Testing and governmental recommendations during COVID-19
The U.S. National Institutes of Health in general advises 400 IU to 800 IU per day intake of vitamin D, depending on age, with those over 70 years requiring the highest daily dose. This will result in blood levels that are sufficient to maintain bone health and normal calcium metabolism in healthy people. There are no additional recommendations specific to vitamin D intake during the COVID-19 pandemic, however.
And Dr. Rosen pointed out that there is no evidence for mass screening of vitamin D levels among the U.S. population.
“U.S. public health guidance was pre-COVID, and I think high-risk individuals might want to think about their levels; for example, someone with inflammatory bowel disease or liver or pancreatic disease. These people are at higher risk anyway, and it could be because their vitamin D is low,” he said.
“Skip the test and ensure you are getting adequate levels of vitamin D whether via diet or supplement [400-800 IU per day],” he suggested. “It won’t harm.”
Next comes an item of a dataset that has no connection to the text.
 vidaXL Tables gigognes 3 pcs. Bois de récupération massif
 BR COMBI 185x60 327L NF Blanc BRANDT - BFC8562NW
The U.K.’s Public Health England (PHE) clarified its advice on vitamin D supplementation during COVID-19. Alison Tedstone, PhD, chief nutritionist at PHE, said: “Many people are spending more time indoors and may not get all the vitamin D they need from sunlight. To protect their bone and muscle health, they should consider taking a daily supplement containing 10 micrograms [400 IU] of vitamin D.”
However, “there is no sufficient evidence to support recommending Vitamin D for reducing the risk of COVID-19,” she stressed.
Dr. Bajaj is on the advisory board of Medscape Diabetes & Endocrinology. He has ties with Amgen, AstraZeneca Boehringer Ingelheim, Janssen, Merck, Novo Nordisk, Sanofi, Eli Lilly,Valeant, Canadian Collaborative Research Network, CMS Knowledge Translation, Diabetes Canada Scientific Group, LMC Healthcare,mdBriefCase,Medscape, andMeducom. Dr. Kenny, Dr. Rosen, and Dr. Singhal have disclosed no relevant financial relationships.
A version of this article first appeared on Medscape.com.